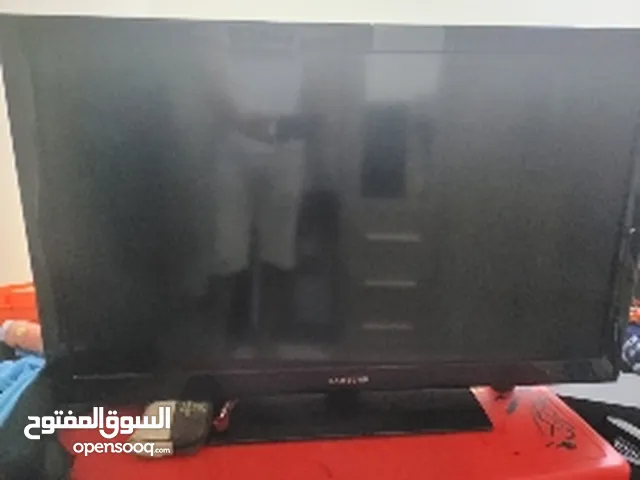 Samsung Plasma Other TV in Muharraq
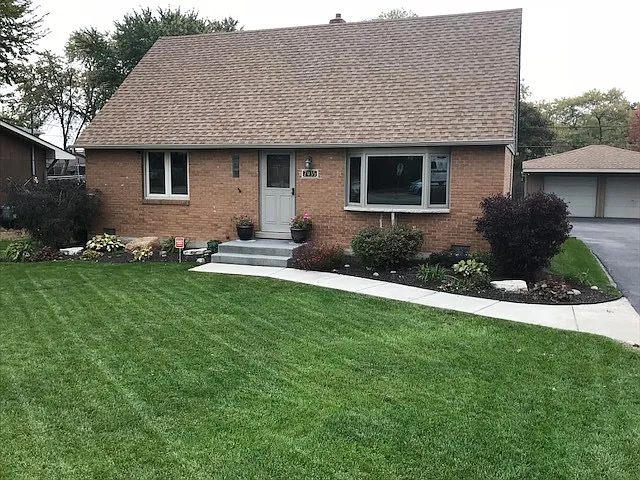 7935 S 88th Ave photo 1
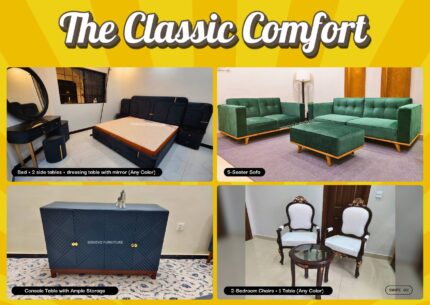 bed, bed set, bed set in islamabad/rawalpindi, wedding package in islamabad/rawalpindi, wedding furniture package in islamabad/rawalpindi, jahez package in islamabad/rawalpindi, jahez package in pakistan, modern jahez package in islamabad/rawalpindi, modern furniture, bedroom furniture, new home furniture, furniture packages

# ABOUT THIS EXERCISE
Pictures in the data above should not be copied; transcribe everything else exactly.

# RESPONSE
 Samsung Plasma Other TV in Muharraq
 7935 S 88th Ave photo 1
 bed, bed set, bed set in islamabad/rawalpindi, wedding package in islamabad/rawalpindi, wedding furniture package in islamabad/rawalpindi, jahez package in islamabad/rawalpindi, jahez package in pakistan, modern jahez package in islamabad/rawalpindi, modern furniture, bedroom furniture, new home furniture, furniture packages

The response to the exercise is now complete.